What the task requires - Your output should be exactly the lines from the one containing "Manfred Haucke Solo" through the final line of the records, both included, with every picture left out.

The input -
⟨

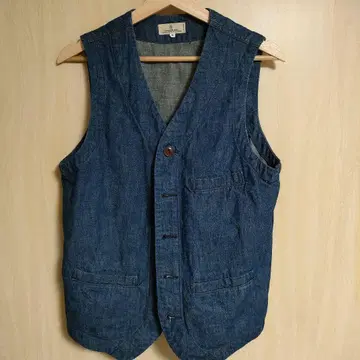 JAPAN BLUE JEANS 데님 베스트 M 사이즈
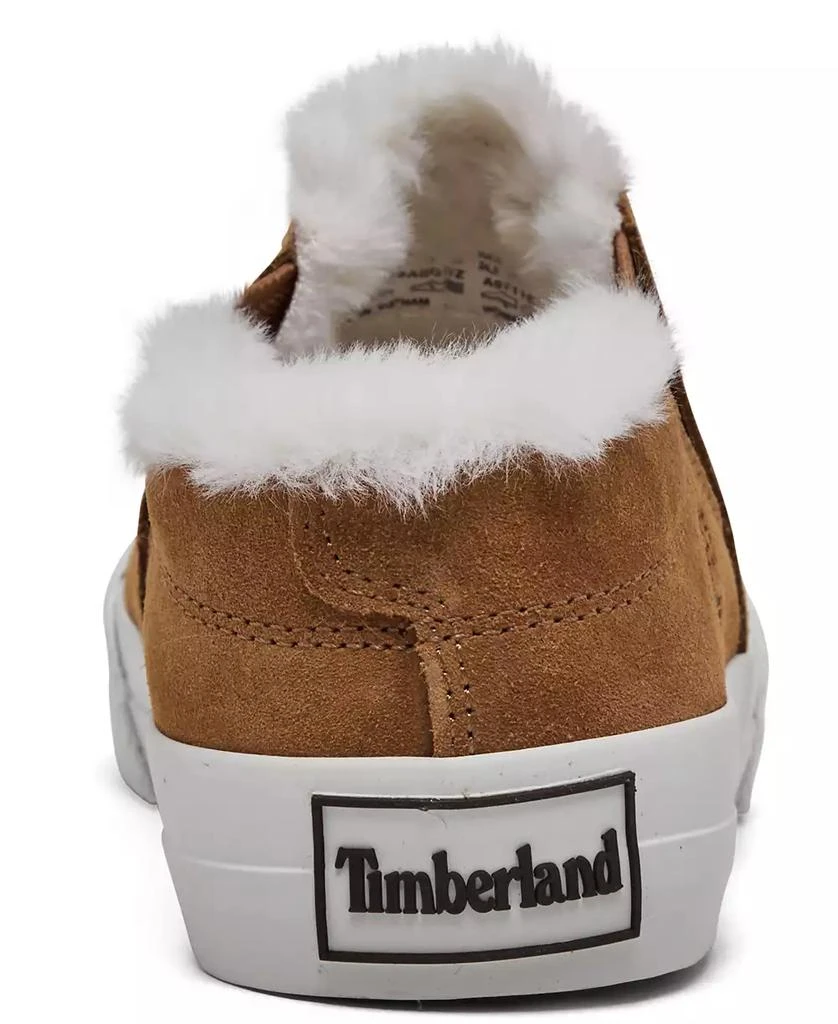 Timberland Women's Skyla Bay 2.0 Warm-Lined Low Casual Sneakers from Finish Line 3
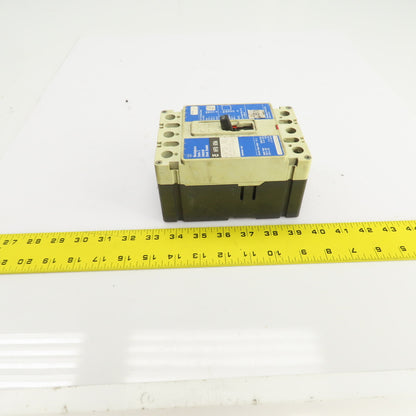 Westinghouse HFD3045 45A Industrial Circuit Breaker 3 Pole 600VAC 250VDC
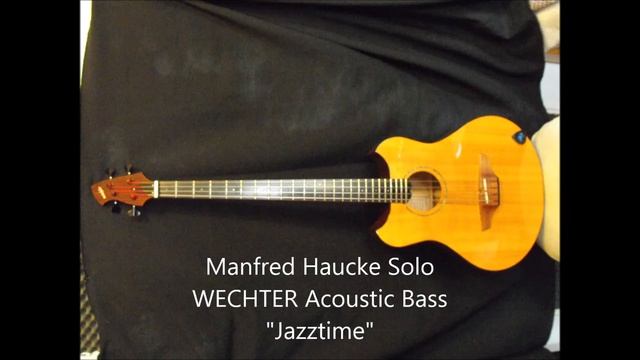 Manfred Haucke Solo Wechter Acoustic Bass "Jazztime" смотреть онлайн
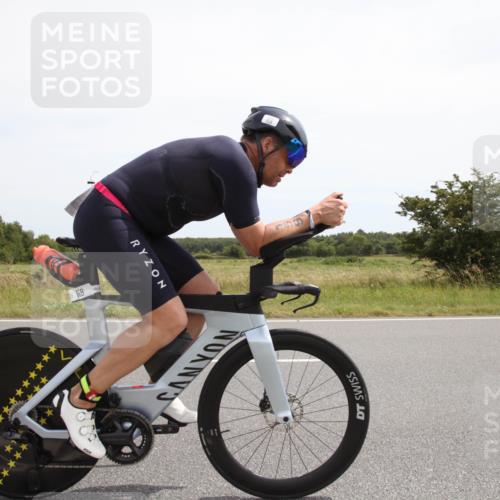 22.06.2025 - Viking Triathlon Yannick Fuchs http://msf.ph/oto/8074467 22.06.2025 13:04:26 Radfahren 159 meine-sportfotos.de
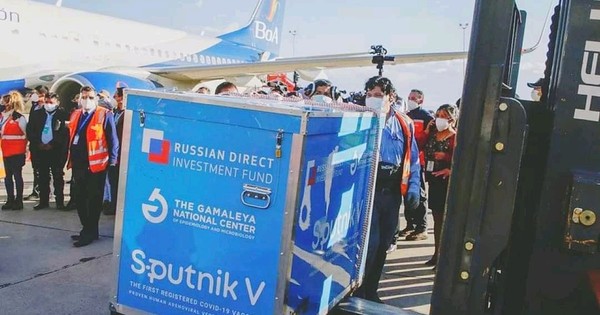 La Nación / Bolivia inició vacunación con segundas dosis de Sputnik V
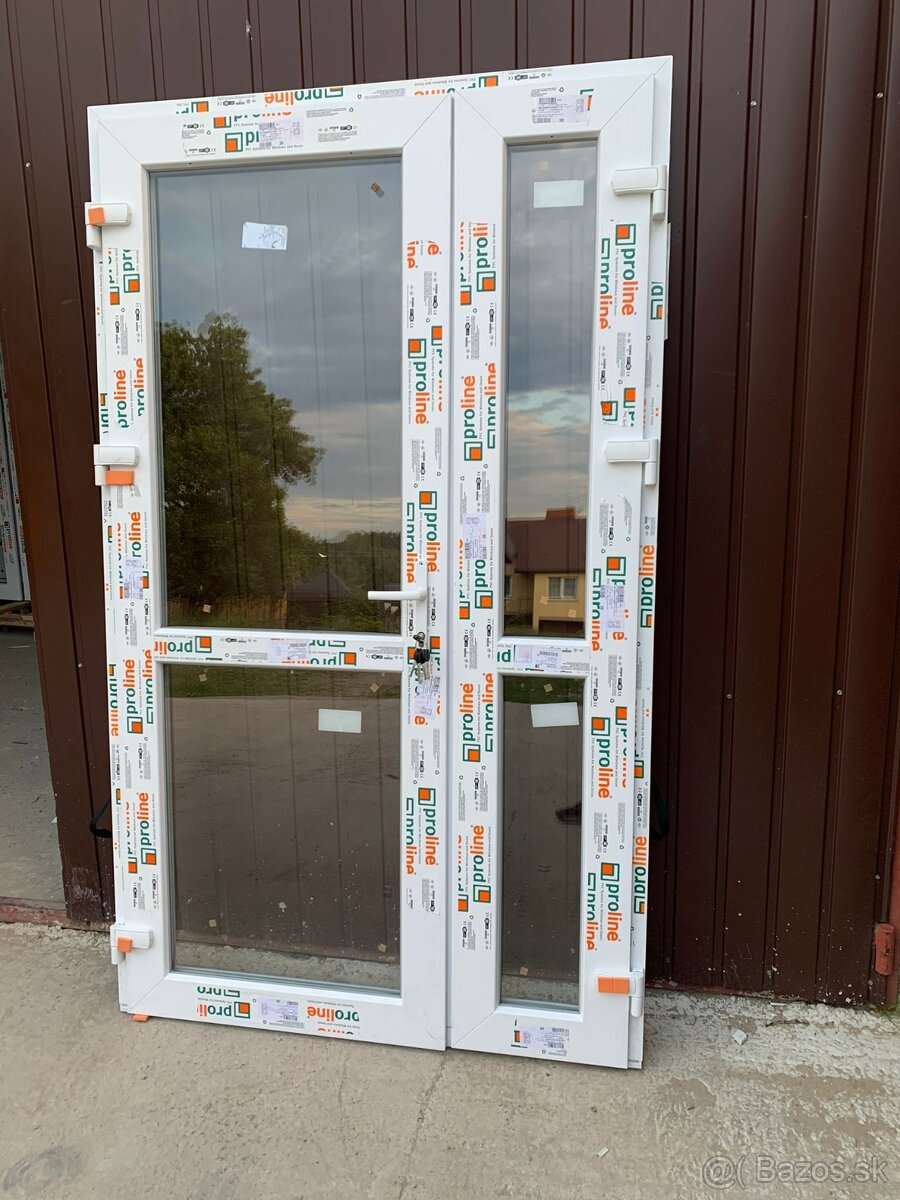 Vchodové plastové dvere - 7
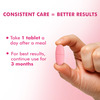 Dr. Morepen Biotin+ Advanced | For Hair Skin & Nails | Veg Tablets | 60 No's | Pack Of 2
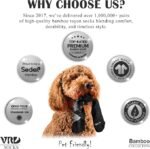 VRD Men’s Dress Socks Bamboo Rayon 5-Pack Crew Socks - Image 2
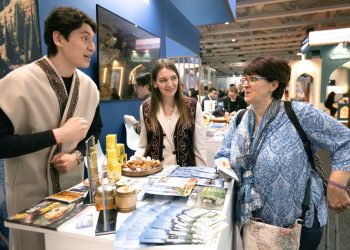 ITB Berlin: Шығыстың құрт-ірімшігі Еуропаның талғампаз халқын таңғалдырды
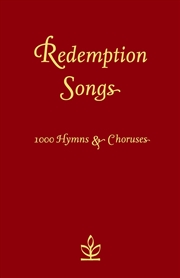 Buy Redemption Songs - Words Only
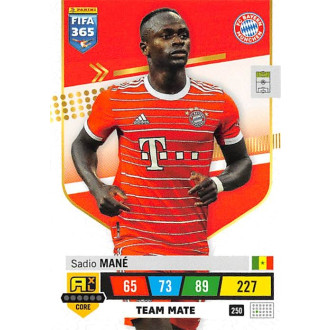 Panini FIFA 365 - Mané Sadio - 2023 Panini Adrenalyn XL FIFA 365 No.250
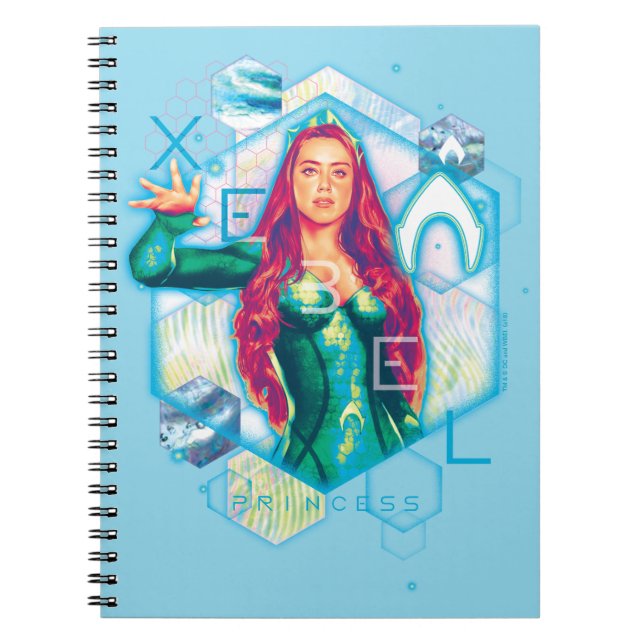 Carnet Aquaman | Xebel Princess Mera Hexagonal (Devant)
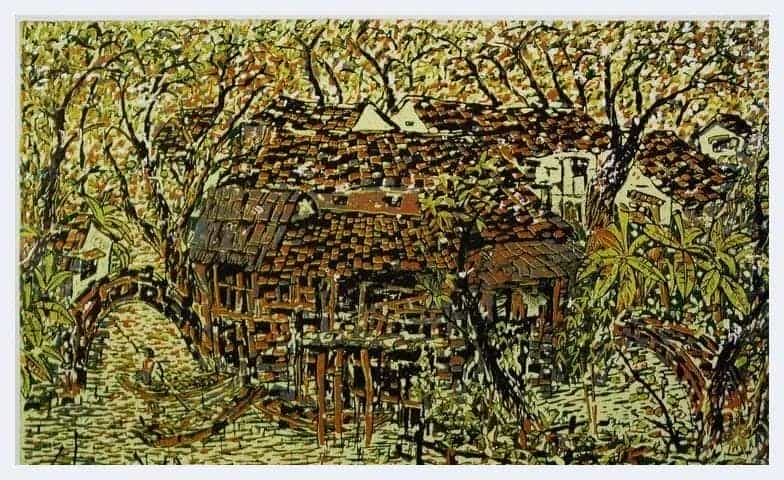彭产兴简介(版画家)广东 佛山_第3张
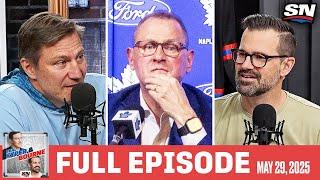 Treliving Talks, Cats Dump Canes & Oilers on the Verge | Real Kyper & Bourne Full Episode
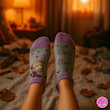 جوراب مچی تا به تا فانتزی طرح خرس Cute Bear – برند پاتریس 🧸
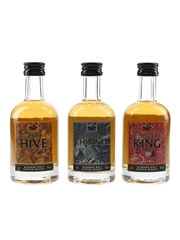 Spice King, Peat Chimney & The Hive Wemyss Malts 3 x 5cl / 46%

⟩

Response box -
 Manfred Haucke Solo Wechter Acoustic Bass "Jazztime" смотреть онлайн
 22.06.2025 - Viking Triathlon Yannick Fuchs http://msf.ph/oto/8074467 22.06.2025 13:04:26 Radfahren 159 meine-sportfotos.de
 La Nación / Bolivia inició vacunación con segundas dosis de Sputnik V
 Vchodové plastové dvere - 7
 Dr. Morepen Biotin+ Advanced | For Hair Skin & Nails | Veg Tablets | 60 No's | Pack Of 2
 VRD Men’s Dress Socks Bamboo Rayon 5-Pack Crew Socks - Image 2
 ITB Berlin: Шығыстың құрт-ірімшігі Еуропаның талғампаз халқын таңғалдырды
 Buy Redemption Songs - Words Only
 Panini FIFA 365 - Mané Sadio - 2023 Panini Adrenalyn XL FIFA 365 No.250
 Carnet Aquaman | Xebel Princess Mera Hexagonal (Devant)
彭产兴简介(版画家)广东 佛山_第3张
 Treliving Talks, Cats Dump Canes & Oilers on the Verge | Real Kyper & Bourne Full Episode
 جوراب مچی تا به تا فانتزی طرح خرس Cute Bear – برند پاتریس 🧸
 Spice King, Peat Chimney & The Hive Wemyss Malts 3 x 5cl / 46%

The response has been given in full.